Some Windows comments:

* SWMR is not well-tested on Windows since the current SWMR test harness is based on shell scripts and makes use of fork(). There's no reason why it shouldn't work on Windows, though. It's just not tested there at this time. We'll be trying to add at least some minimal testing in the near future, but it might be a little bit before we have a full test suite.

* NTFS and parallel file systems like GPFS should support SWMR. SMB-style network access (e.g.: Windows file shares) will NOT support SWMR, however, since we can't guarantee write ordering. This is not unlike NFS, which is also not supported for SWMR access.

Also, if you are using HDF5 1.10.0, be sure to use H5Pset_libver_bounds() to use the latest file format. The newer data structures are much more efficient than the backward-compatible defaults. You'll lose HDF5 1.8 compatibility, though, so keep that in mind.

https://www.hdfgroup.org/HDF5/doc/RM/RM_H5P.html#Property-SetLibverBounds

Dana Robinson
Software Engineer
The HDF Group

···

From: Hdf-forum [mailto:hdf-forum-bounces@lists.hdfgroup.org] On Behalf Of SOLTYS Radoslaw
Sent: Tuesday, January 26, 2016 5:56 AM
To: hdf-forum@lists.hdfgroup.org
Subject: [Hdf-forum] Working with lots of HDF5 files

We're looking into replacing our custom storage design for time-series data with HDF5 and we're looking mainly at HDF5 version 1.10 for the SWMR capability as we're doing this already with our custom storage.
To find out the best layout - we drafted a few test cases and started off a tutorial code sample in C++, adjusting it to replicate our current database structure, being one file per signal - so we are creating new empty files in a loop - and there we already ran into problems:

- the HDF5 garbage collector allocates lots of memory as soon as files are created - we tried to tune it with setGcReferences(), but could not;

- having reached 2GB - the HDF5 create function throws the exception "no space available for allocation" (We're running 64-bit Windows 8 with 16GB of RAM)
I'd have a few questions at this point:

- Can we reduce the amount of memory used by the garbage collector? If yes - how?

- Taking a step back: is the HDF5 API designed to handle thousands of files in practice?

- Or would it be better to have a single file with the same number of datasets in it? (We're talking about a few thousand datasets, each with several million rows.)

Thanks for your kind support

________________________________
CONFIDENTIALITY : This e-mail and any attachments are confidential and may be privileged. If you are not a named recipient, please notify the sender immediately and do not disclose the contents to another person, use it for any purpose or store or copy the information in any medium.

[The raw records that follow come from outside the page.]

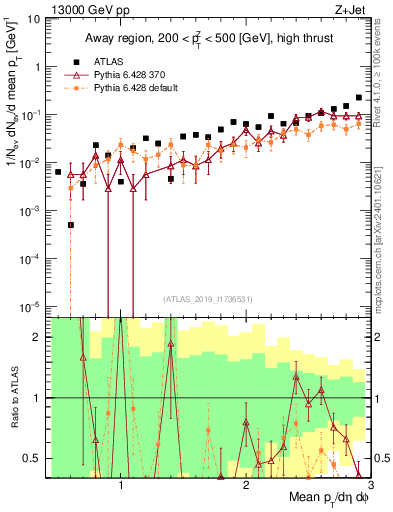 Plot of avgpt in 13000 GeV pp collisions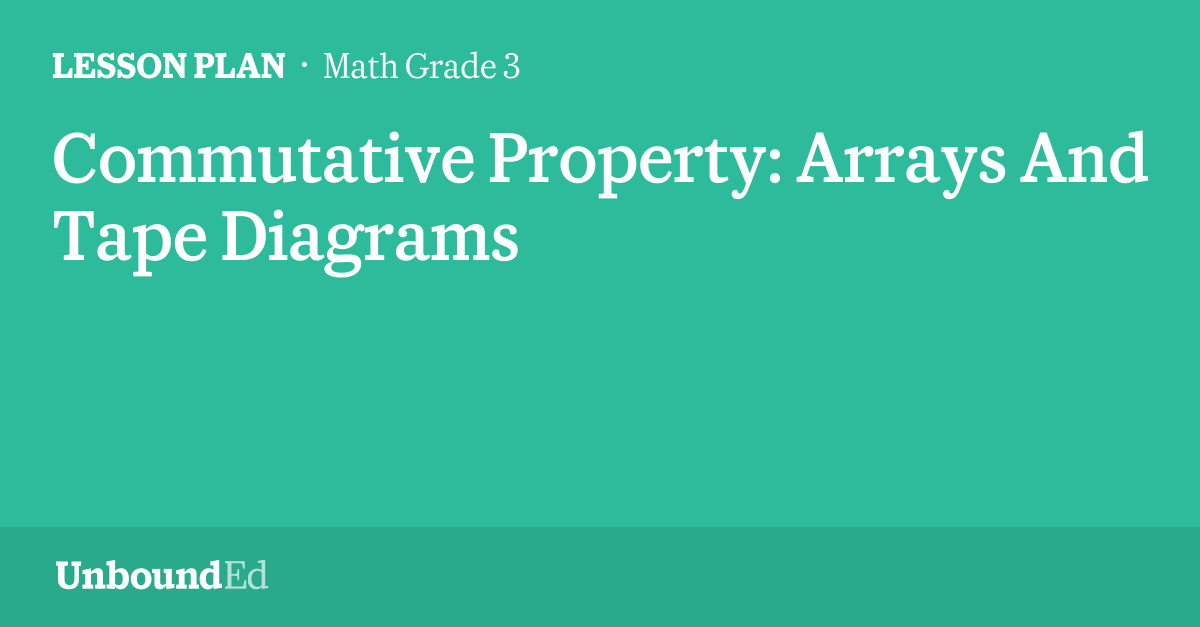 MATH G3 Commutative Property Arrays And Tape Diagrams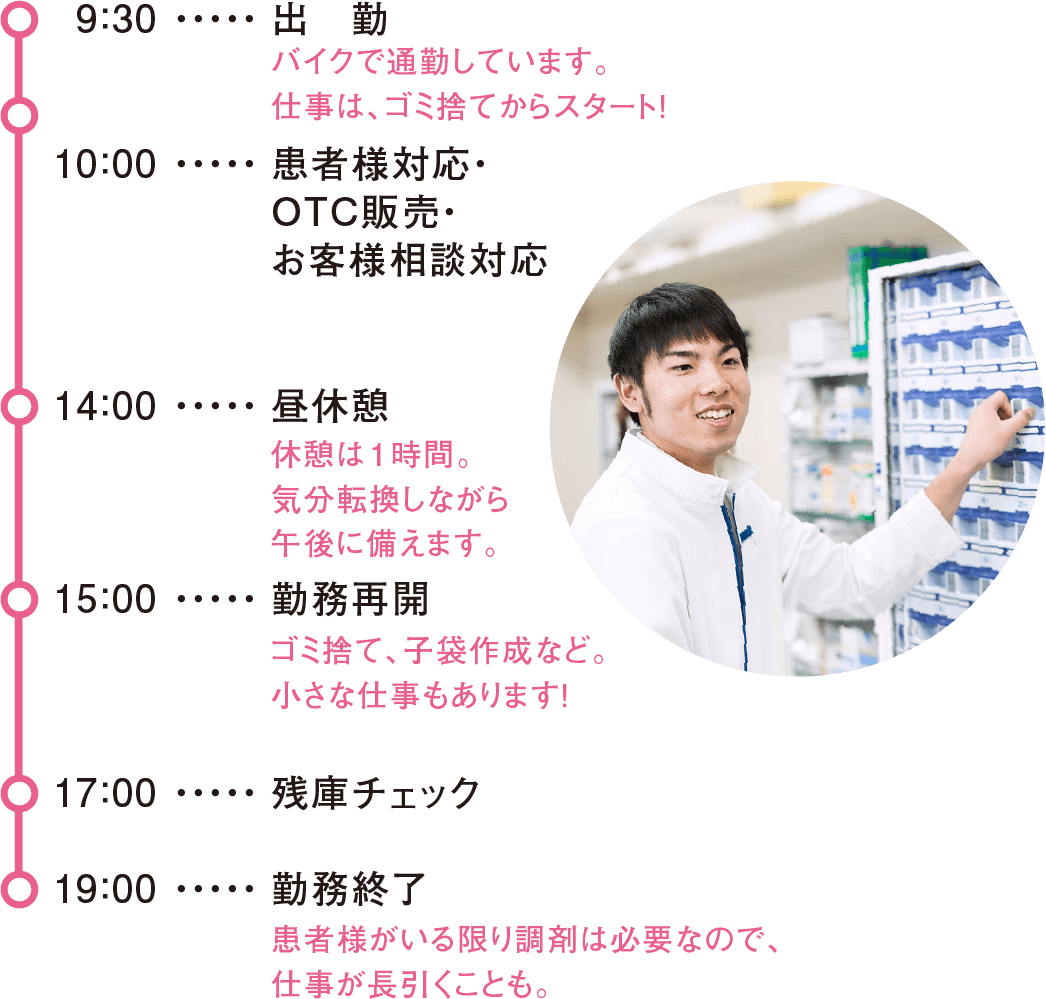 チャート：新入社員／薬剤師職の一日の仕事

miller86 · January 26, 2016, 5:48pm

Hi,

See some comments embedded below. . .

···

From: Hdf-forum <hdf-forum-bounces@lists.hdfgroup.org<mailto:hdf-forum-bounces@lists.hdfgroup.org>> on behalf of SOLTYS Radoslaw <radoslaw.soltys@power.alstom.com<mailto:radoslaw.soltys@power.alstom.com>>
Reply-To: HDF Users Discussion List <hdf-forum@lists.hdfgroup.org<mailto:hdf-forum@lists.hdfgroup.org>>
Date: Tuesday, January 26, 2016 2:55 AM
To: "hdf-forum@lists.hdfgroup.org<mailto:hdf-forum@lists.hdfgroup.org>" <hdf-forum@lists.hdfgroup.org<mailto:hdf-forum@lists.hdfgroup.org>>
Subject: [Hdf-forum] Working with lots of HDF5 files

We’re looking into replacing our custom storage design for time-series data with HDF5 and we’re looking mainly at HDF5 version 1.10 for the SWMR capability as we’re doing this already with our custom storage.
To find out the best layout – we drafted a few test cases and started off a tutorial code sample in C++, adjusting it to replicate our current database structure, being one file per signal –

Hmm. I a "file per signal" could be a poor choice. It depends on how "big" a signal is and whether your workflows can easily be re-tooled for a "many signals in one file" paradigm". But, I would think you'd want to write many time series to the same HDF5 file each as its own 'dataset', perhaps in its own 'group' within the file. You can create meaningful group/folder hierarchies *within* an HDF5 file (kinda like dirs in linux or folders in Windows/OS X) which makes it very convenient to organize data

so we are creating new empty files in a loop – and there we already ran into problems:

- the HDF5 garbage collector allocates lots of memory as soon as files are created – we tried to tune it with setGcReferences(), but could not;

Hmmm. Not sure the 'garbage collector' routines actually allocate anything. I think their purpose is to free up any unused stuff. Maybe you want to set freelist limits I use the C interface and so am familiar with these only via this interface, https://www.hdfgroup.org/HDF5/doc/RM/RM_H5.html

- having reached 2GB – the HDF5 create function throws the exception “no space available for allocation” (We’re running 64-bit Windows 8 with 16GB of RAM)

Are you running on a FAT32 filesystem there? Probably not but doesn't hurt to ask

I’d have a few questions at this point:

- Can we reduce the amount of memory used by the garbage collector? If yes - how?

(see above regarding freelist limits)

- Taking a step back: is the HDF5 API designed to handle thousands of files in practice?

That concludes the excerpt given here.